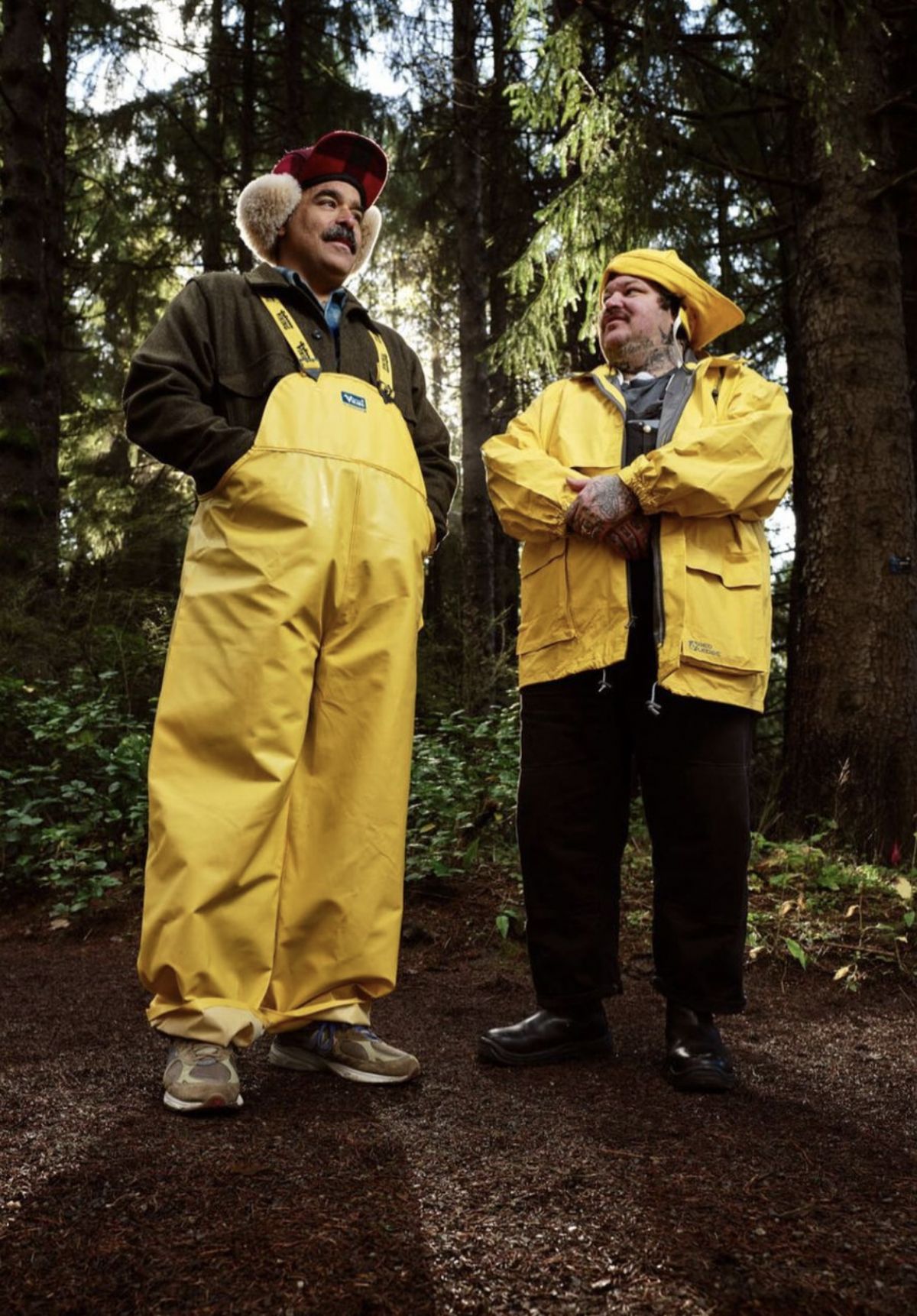 Matty Matheson and Alex 2tone standing in Portland forest with yellow rain gear on.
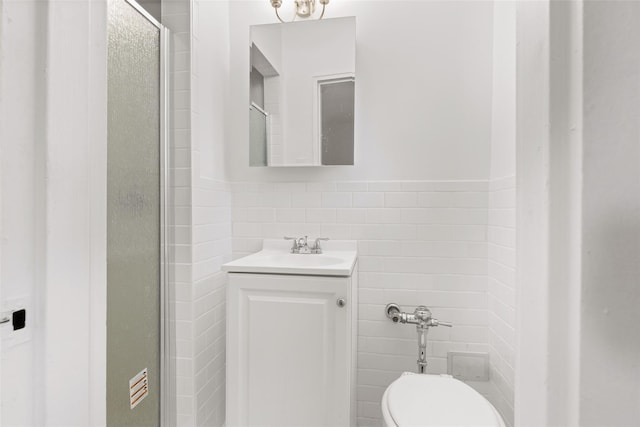 full bathroom with tile walls, vanity, toilet, and a shower with door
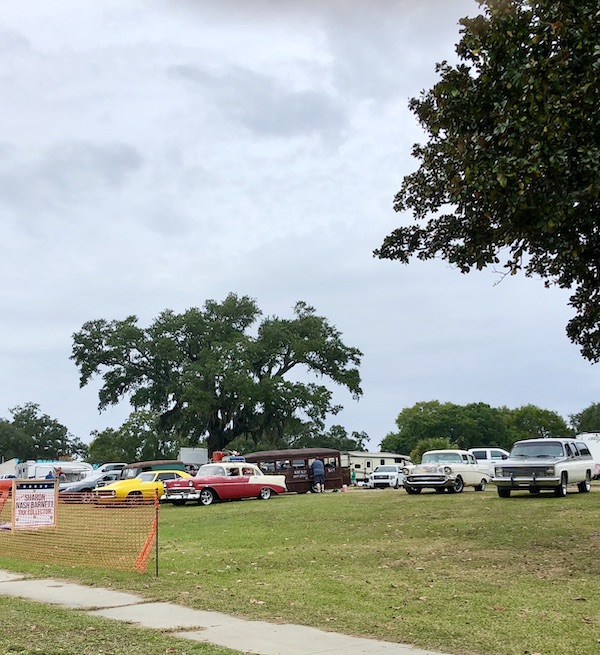 A row of old cars on display along our route from NOLA to Biloxi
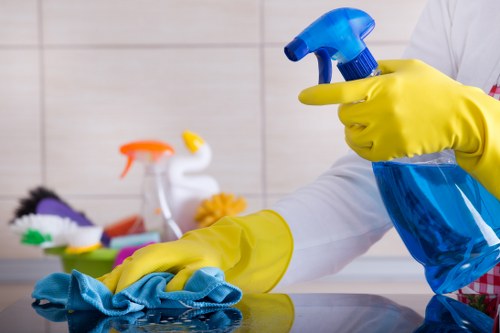 Professional carpet cleaning equipment being used on a living room carpet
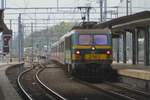 Am 5 Mai 2023 schiebt NMBS 2114 ein IC nach Oostende aus Gent Sint-Pieters.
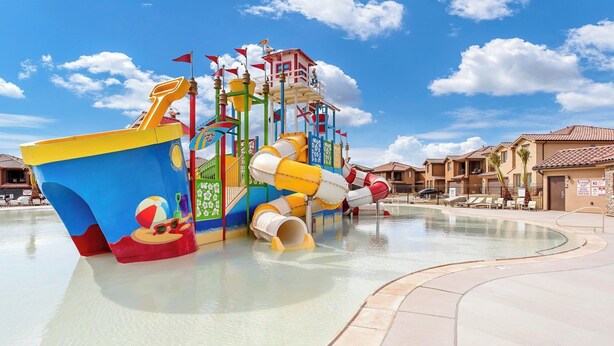 A water park with a large blue and yellow boat structure, slides, and a pool area. - Vermillion Oasis: Luxury 6BR/7BA Home near Zion. Private Pool & Resort Amenities (Santa Clara)
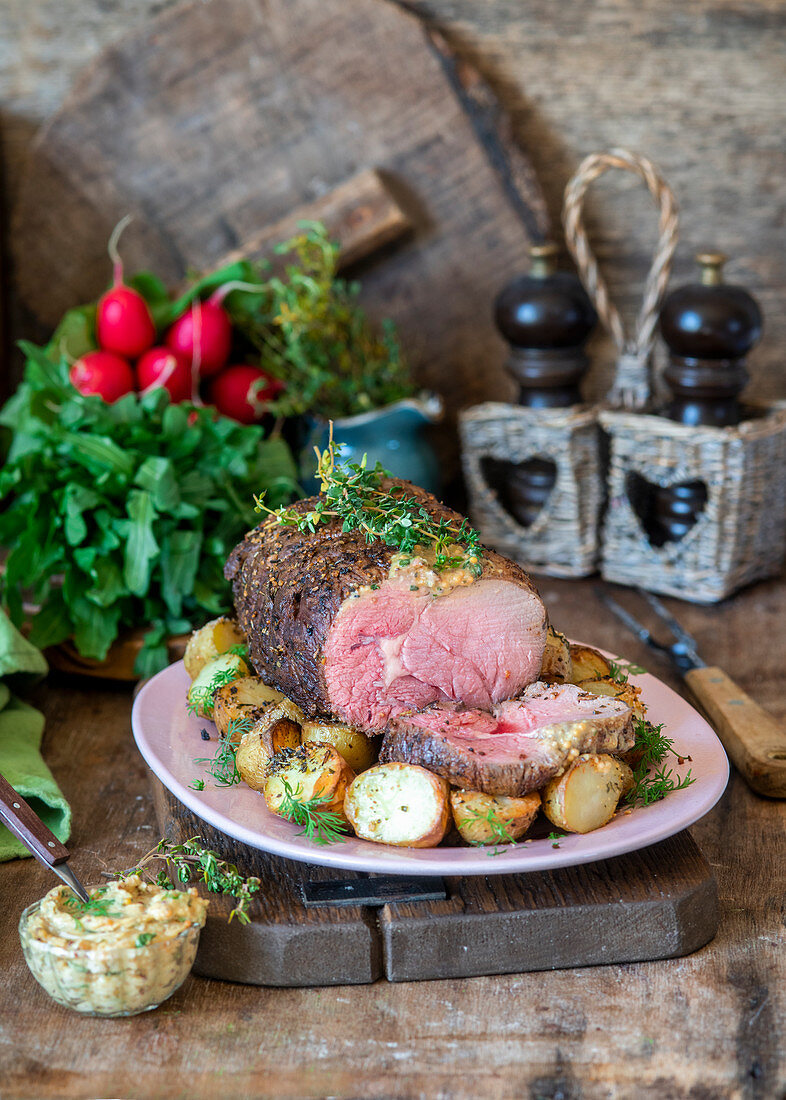 Roasted beef with potatoes and mustard butter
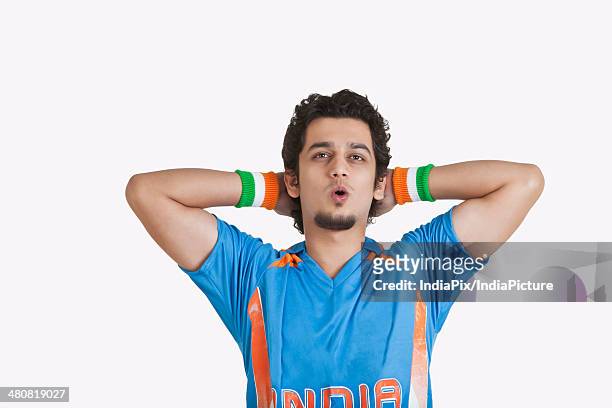 disappointed cricket fan with hands behind head looking away over white background - cricket jersey stock pictures, royalty-free photos & images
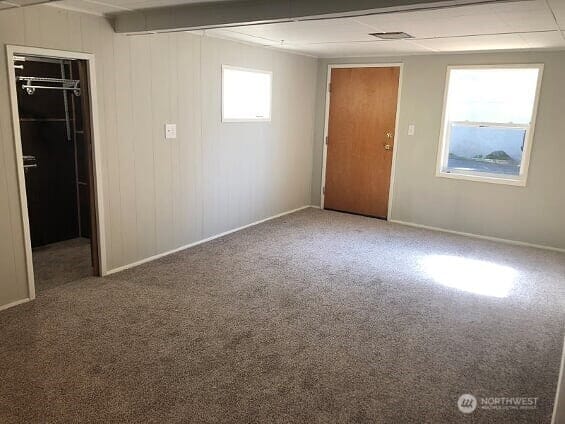 spare room with carpet and baseboards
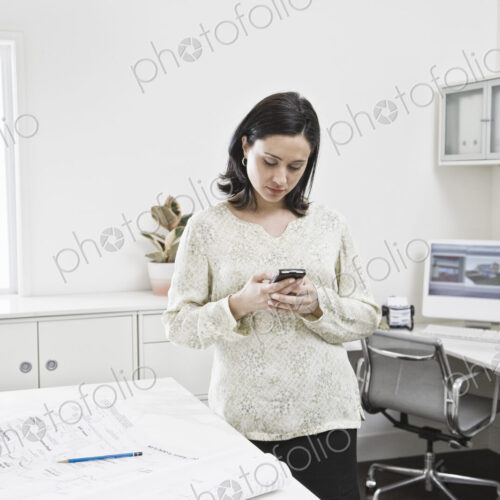 Hispanic woman working on cell phone in an architect's office Hispanic woman working on cell phone in an architect's office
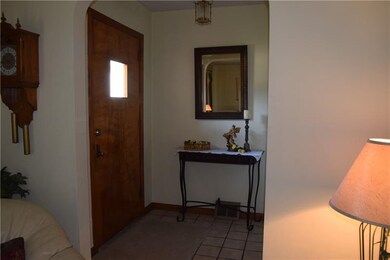 Entry hall with large coat closet.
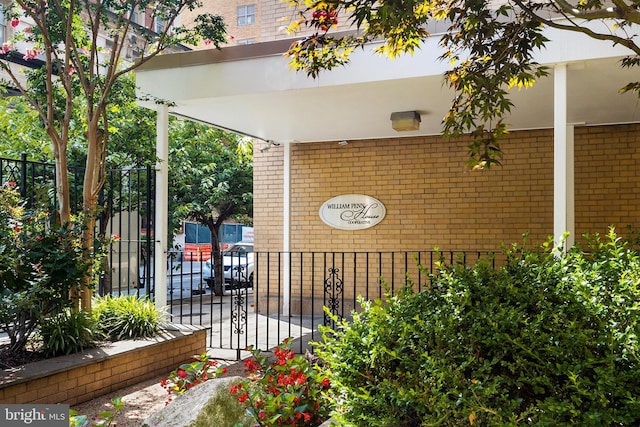 view of patio with fence and a gate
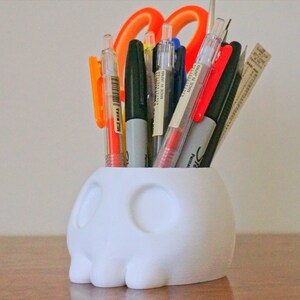 May include: White skull-shaped desk organizer with a variety of pens and a pair of orange scissors inside.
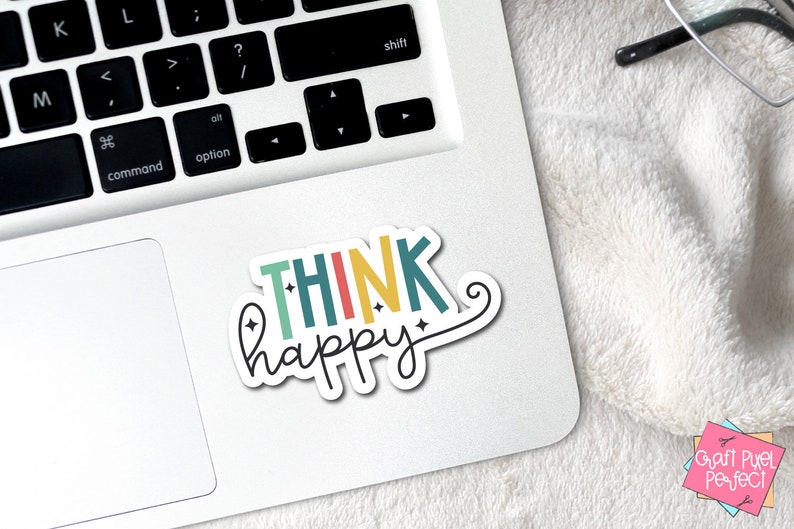 May include: A colorful sticker with the text "THINK happy" in a rainbow color scheme with a swirl at the end of the word "happy".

--*--

• _Work request_
The first line of the listing through the line with "Am 5 Mai 2023": repeat exactly that span and nothing more, skipping pictures.

• _Problem solution_
 Matty Matheson and Alex 2tone standing in Portland forest with yellow rain gear on.
 full bathroom with tile walls, vanity, toilet, and a shower with door
 A row of old cars on display along our route from NOLA to Biloxi
 Professional carpet cleaning equipment being used on a living room carpet
 Am 5 Mai 2023 schiebt NMBS 2114 ein IC nach Oostende aus Gent Sint-Pieters.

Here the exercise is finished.